J&K Assembly dissolution: Mehbooba Mufti checks rebellion in PDP camp with abortive bid to form government
The abortive bid by Mehbooba Mufti to form the government in Jammu and Kashmir has given her party a leg up in the state.
The National Conference (NC) and Congress have slammed Jammu and Kashmir governor Satya Pal Malik over the dissolution of the state Assembly. However, the statements of the two parties in the aftermath of the decision have raised doubts on whether the grand alliance of the NC, Congress and PDP would have lasted for long in the state.
The decision of former chief minister Mehbooba Mufti to stake claim for government formation has, however, prevented a split in her party and could even notch up the electoral prospects of the PDP.
The governor dissolved the Assembly after claiming that he had received reports of horse-trading, and expressed fears that such a government would not have been stable. Following this, former chief minister Ghulam Nabi Azad said that the PDP's proposal to form the government was "only at a suggestion stage."
“There was no final decision on the formation of the government. We had sought a meeting on 23 November on the suggestion,” said Azad.
However, the abortive bid by Mufti to form the government has given her party a leg up in the state.
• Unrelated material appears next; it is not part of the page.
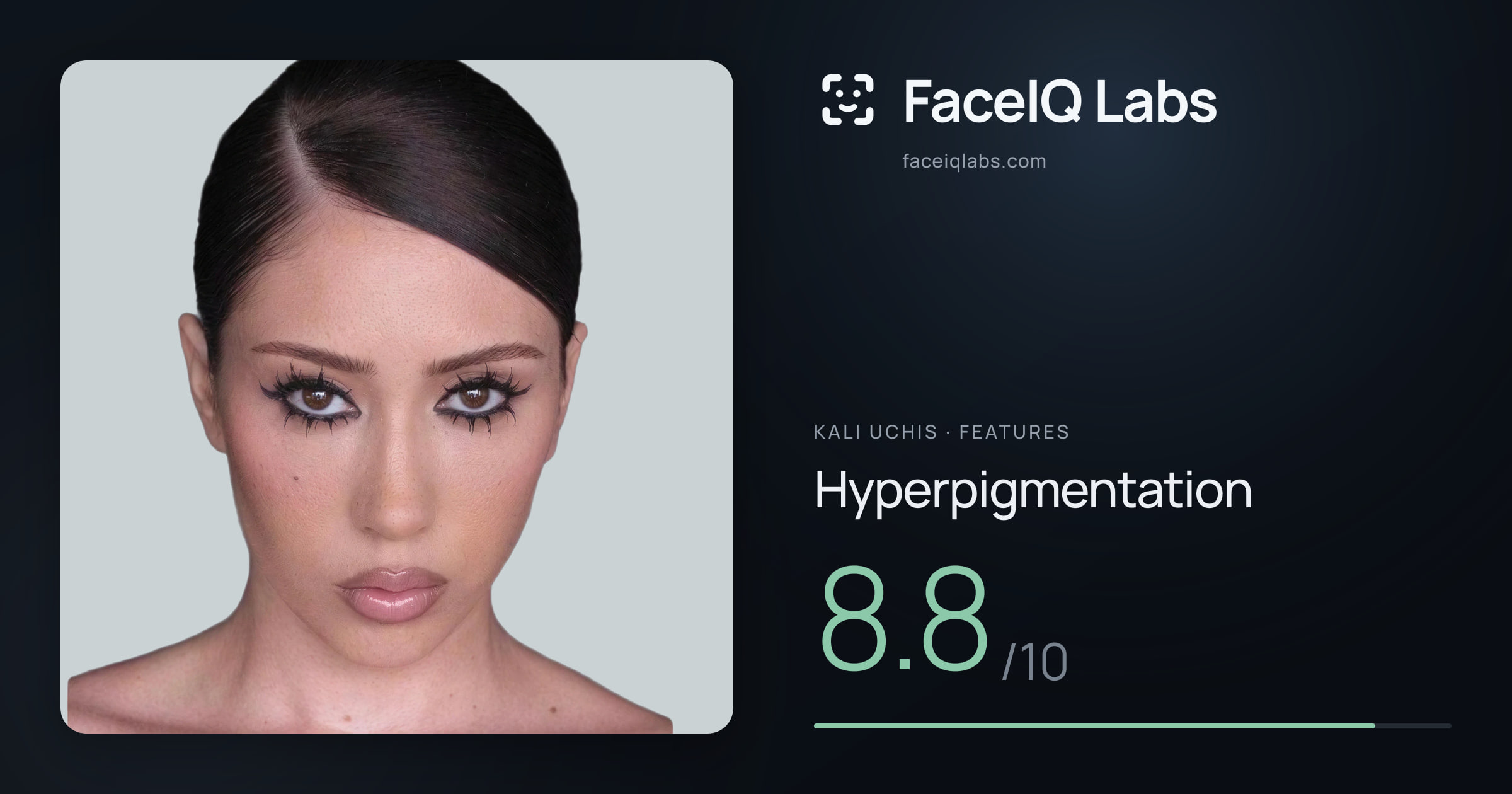 Kali Uchis Hyperpigmentation: 8.8/10, drawn on the photo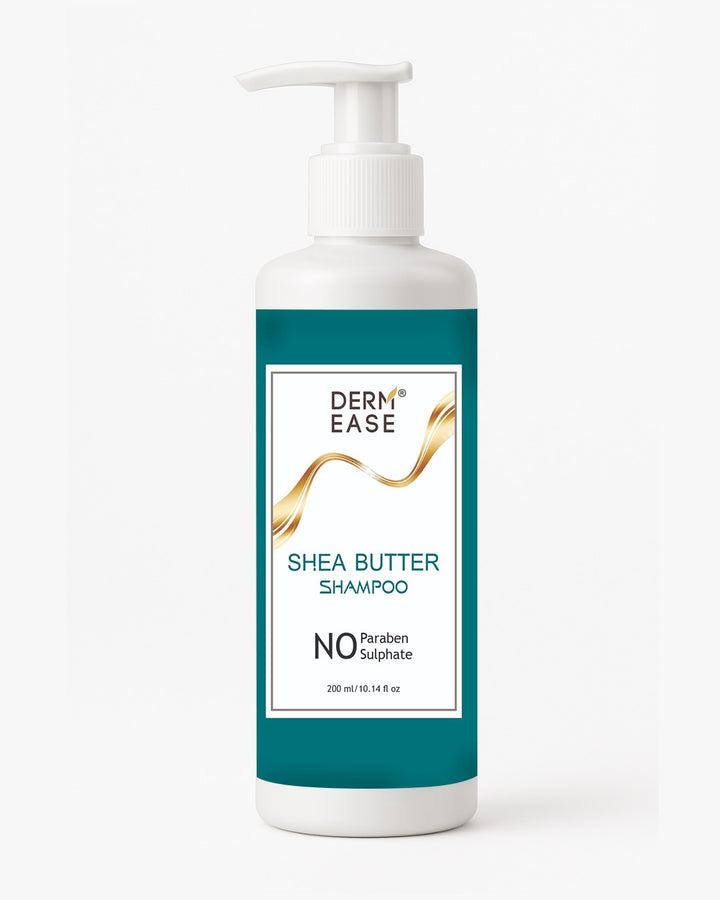 Derm-Ease Shea Butter Shampoo bottle on a white background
Mufti wrote a letter to the governor claiming the support of both the Congress and NC for government formation, even when the other two parties had said that the final shape of the coalition government had not been worked out.
On Wednesday, senior PDP leader Altaf Bukhari was not forthcoming about the details which had been worked out on the formation of an alliance.
Though Bukhari was believed to have met Abdullah to discuss the alliance, he said, “It was an absolutely non-political meeting. I had called on him on Eid-e-Milad-un Nabi to wish him.” He, however, said that the NC, Congress and PDP have agreed to form the coalition to defend the special identity of the state “politically and legally.”
However, Mufti's claim to form the government has checked the rebellion within the PDP, and has also given the party ammunition to take on the BJP.
PDP chief spokesperson Rafi Ahmad Mir, in response to a tweet on the dissolution of the Assembly, described the action of the governor as an “unconstitutional move in haste that is nothing but abuse of constitutional powers.”
Abdullah said that the NC's support to the PDP helped the latter party. “People were telling us that we were giving a new life to the PDP. We knew that the support to the PDP would have caused a major loss to the NC, but we set aside the interests of our party and thought about the interests of our state only,” he said.
The claim for government formation will also make the NC’s attacks on the PDP for running an alliance with the BJP less convincing.
Instead, the flurry of activity both prior to and after the dissolution of the Assembly has thrown up a new political alignment in the state. It is for the first time that two regional rival parties, NC and PDP, have come together. In the wake of a tie-up between the BJP and the People’s Conference and the saffron party’s inroads in Kashmir, the new rallying slogan for political parties in the state seems to be to preserve Jammu and Kashmir's special political status, and also keep the BJP away from power.
Congress state vice-president GN Monga said that the party "will fight to preserve the special status of the state." He asserted, "We will never allow the BJP to make inroads in the state. We will fight for the protection of Article 35A, as it was the Congress which gave the provision to the state.”